Saturday, October 11, 2008

Nation

Nation Brief

Posted September 29, 2007

By Chris Wilson and Nikki Schwab

A First Victory for One of the Jena Six
A week after 15,000 people converged on Jena, La., to protest what they saw as the aggressive prosecution of six black teens accused of beating a white classmate, the most visible of the group was released on bail.

Mychal Bell, 17, walked out of the LaSalle Parish Courthouse late last week, greeted by civil rights leaders after the district attorney dropped his bid to try Bell as an adult. A state appeals court threw out the original conviction because Bell was 16 at the time of the incident. He will be tried as a juvenile.

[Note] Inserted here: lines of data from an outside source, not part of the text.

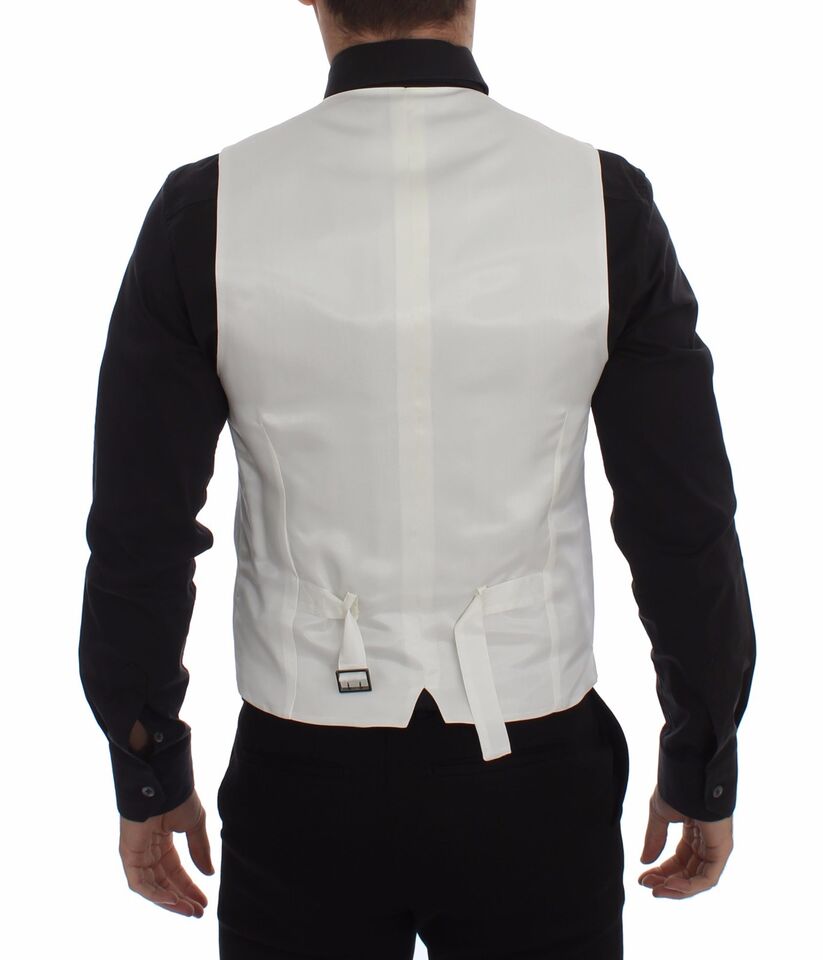 Dolce & Gabbana waistcoats for men in white, product view 3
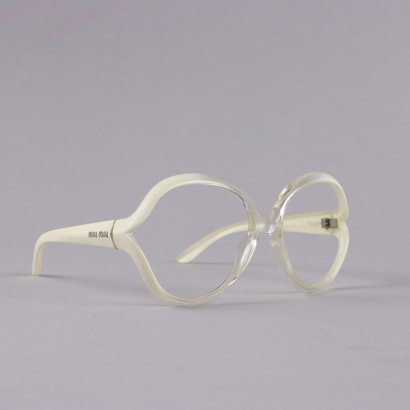 Miu Miu Monture de Lunettes Vintage Plastique Italie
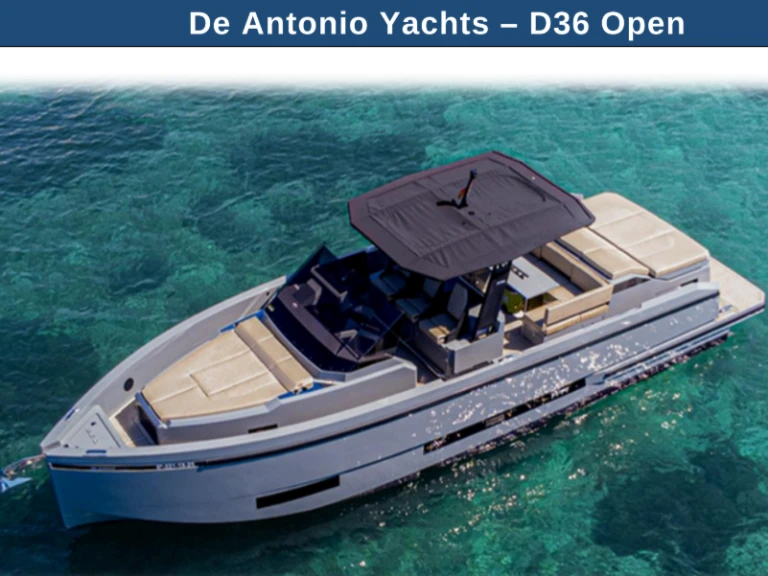 Motorboat rental in Ibiza Town - De Antonio 36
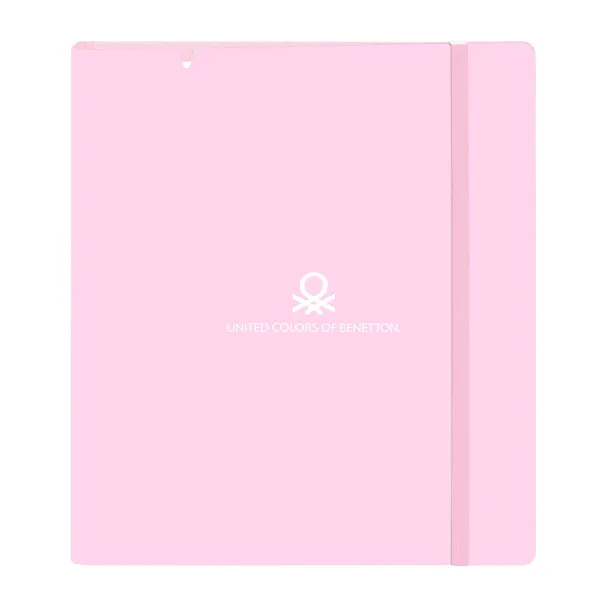 Ring binder Benetton Unique Pink Turquoise 27 X 32 X 4 cm
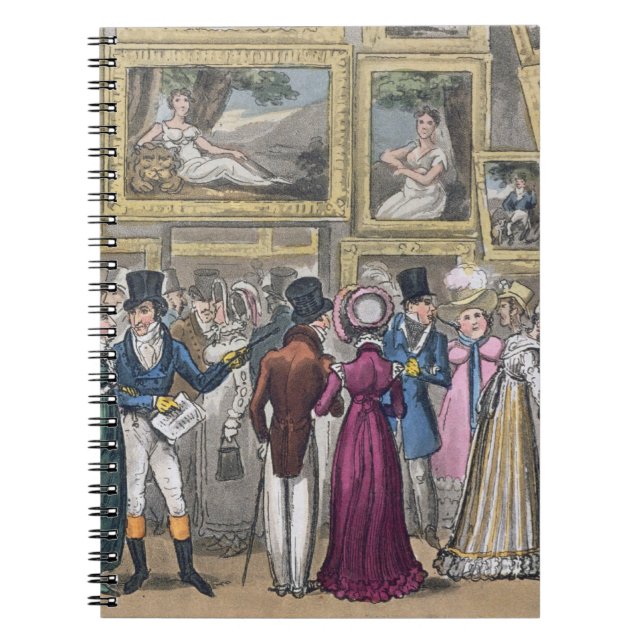 Caderno Espiral Um xelim apresentado bem: Tom e Jerry no Exh (Frente)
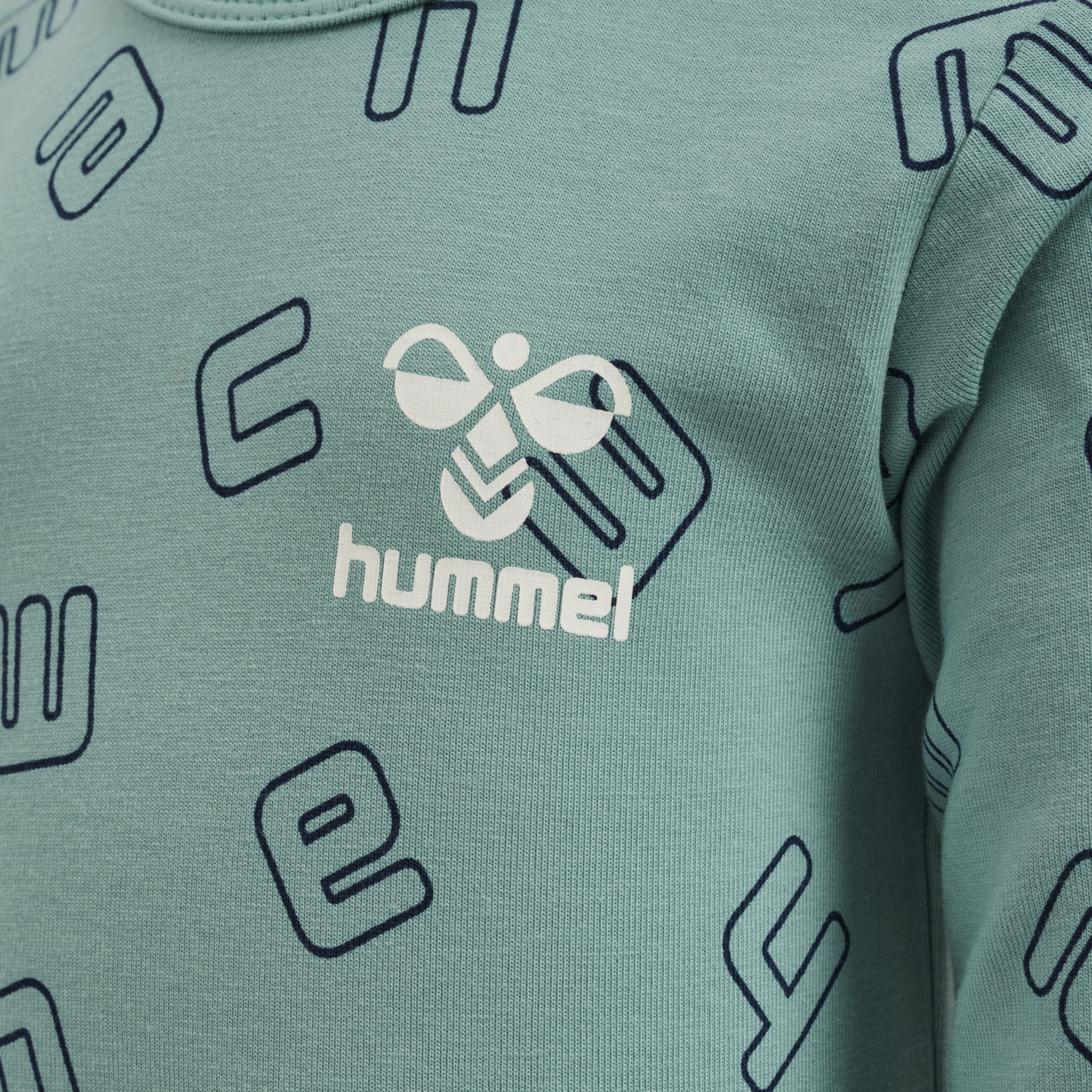hmlATHENS BODY L/S, MINERAL BLUE, packshot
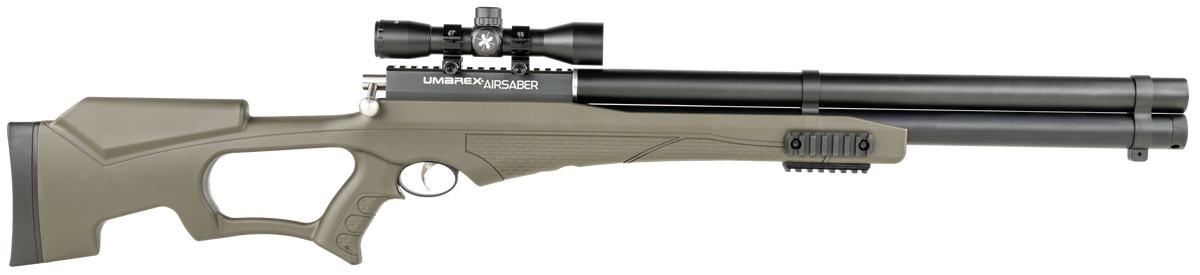RWS Umarex AirSaber Combo PCP 350gr Arrow 1-Shot 41" Bolt Action Air Rifle w/ Axeon 4x32mm Scope
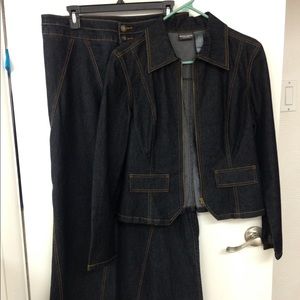 Jean Jacket and Matching Jean Skirt Outfit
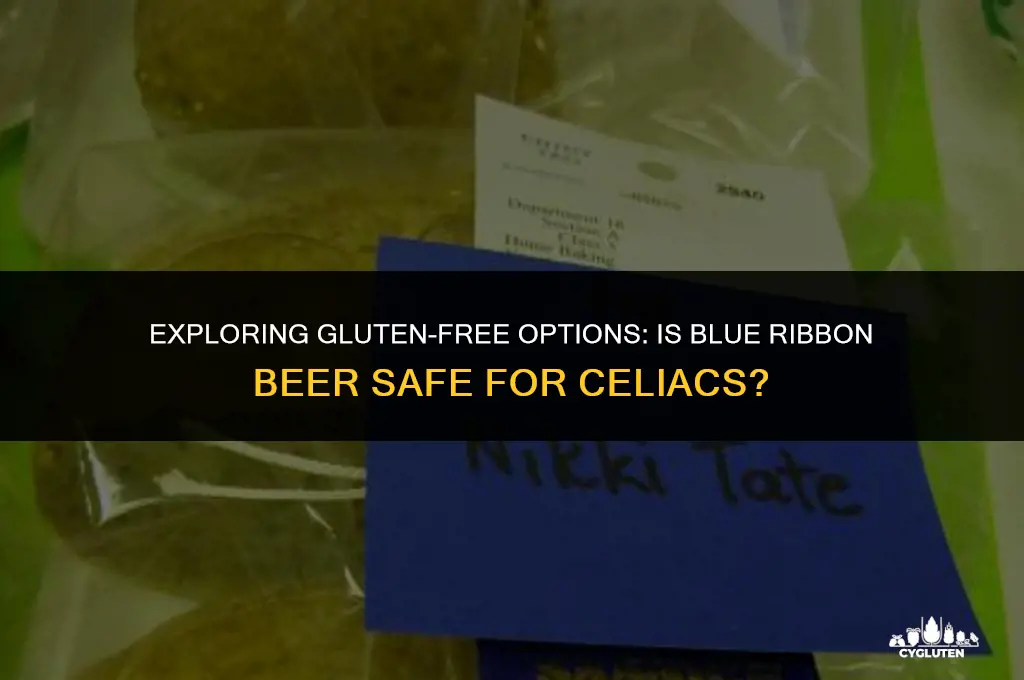 is blue ribbon gluten free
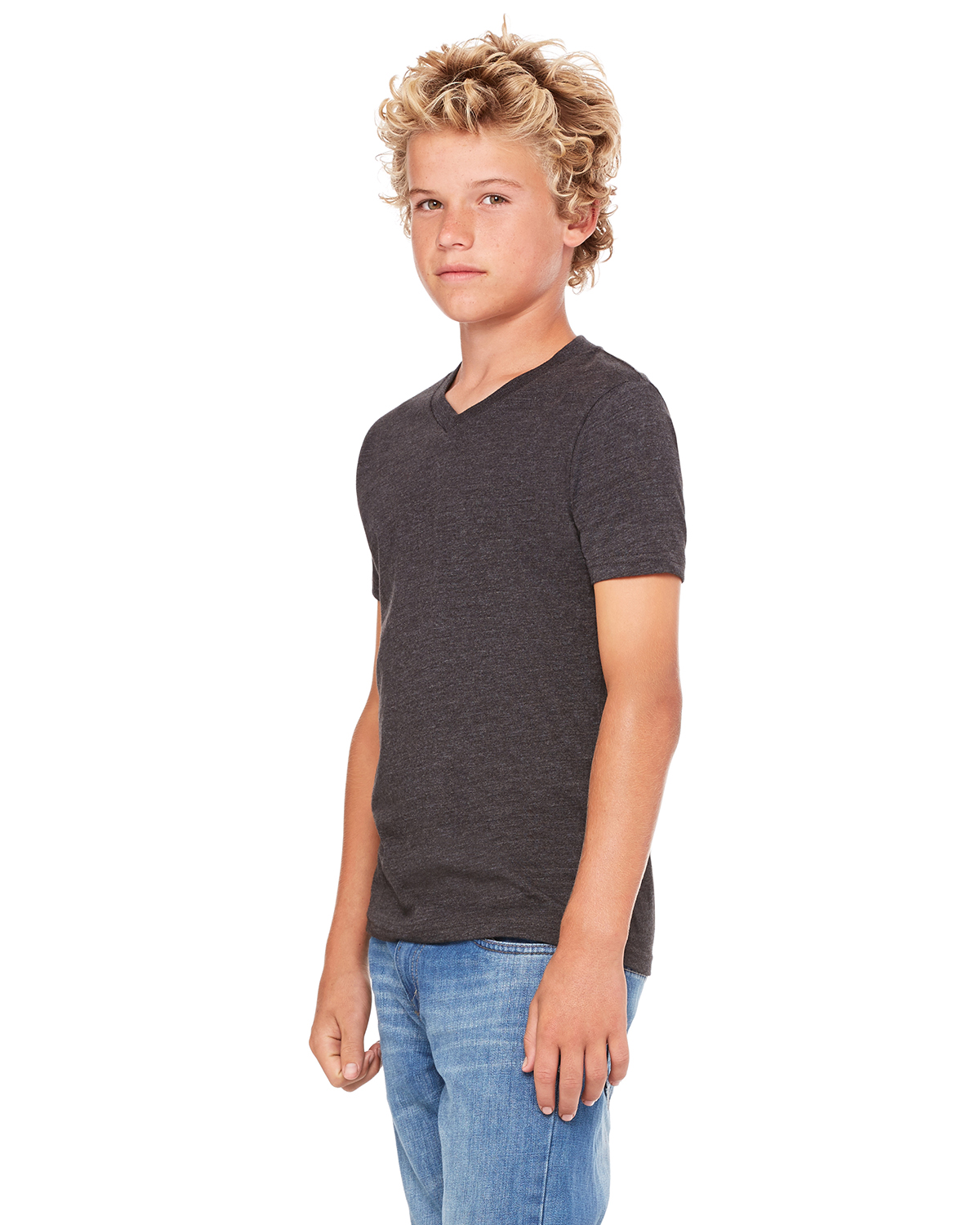 Bella + Canvas 3005Y Heather Dark Gray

The tremendous interest in the case has given civil rights leaders hope that a new surge of activism is afoot.

Busting Open a Steroid Machine
It was the biggest steroids bust in U.S. history. In Operation Raw Deal, the U.S. Drug Enforcement Administration nabbed 124 individuals across the United States last week after a two-year, multinational probe. The investigation also netted 56 steroid labs and more than 11 million dosage units, according to the DEA.

The raids reveal the intricate network that illegal human growth hormones and other performance-enhancing drugs traverse on their way to the black market. Raw materials usually come from China, are processed in North America, and are distributed through the Web.

Steroid abuse among professional athletes has become an explosive issue. Just days earlier, Tour de France officials upheld a ruling that stripped American cyclist Floyd Landis of his 2006 victory after he tested positive for doping.

Quick: Why Did We Fight the British?
Immigrants will have to show a better grasp of American values to pass a new citizenship test after October 2008. The new test is designed to be more concept oriented, U.S. officials say. Instead of asking, for instance, "What country did we fight during the Revolutionary War?" it asks: "Why did the colonists fight the British?" Immigrant-rights activists have complained that the revisions and higher fees set up more barriers to naturalization. But officials say the test is actually easier. The pass rate on a recently administered pilot test was 92.4 percent vs. 84 percent for the old test. True, the new test will require some studying, but the old one was criticized for encouraging rote memorization without enhancing understanding. About 700,000 immigrants were nationalized last year.

A Guilty Verdict and a New Charge
His spiritual guidance was supposed to lead church members to salvation, but when it led one underage woman into an incestuous marriage, it became a crime. Polygamist sect leader Warren Jeffs was convicted in St. George, Utah, last week of two counts of rape as an accomplice in an arranged marriage between a 14-year-old and her 19-year-old first cousin, Allan Steed. While the woman objected to the marriage, Jeffs left her feeling she had no choice, she said, but to dutifully sleep with her cousin. His attorneys argued that Jeffs, leader of the Fundamentalist Church of Jesus Christ of Latter-day Saints, was a victim of religious persecution. The case shed light on the sect in which Jeffs is revered as a prophet and polygamy is common. The case doesn't end with Jeffs, though. Prosecutors last week charged Steed with one count of rape.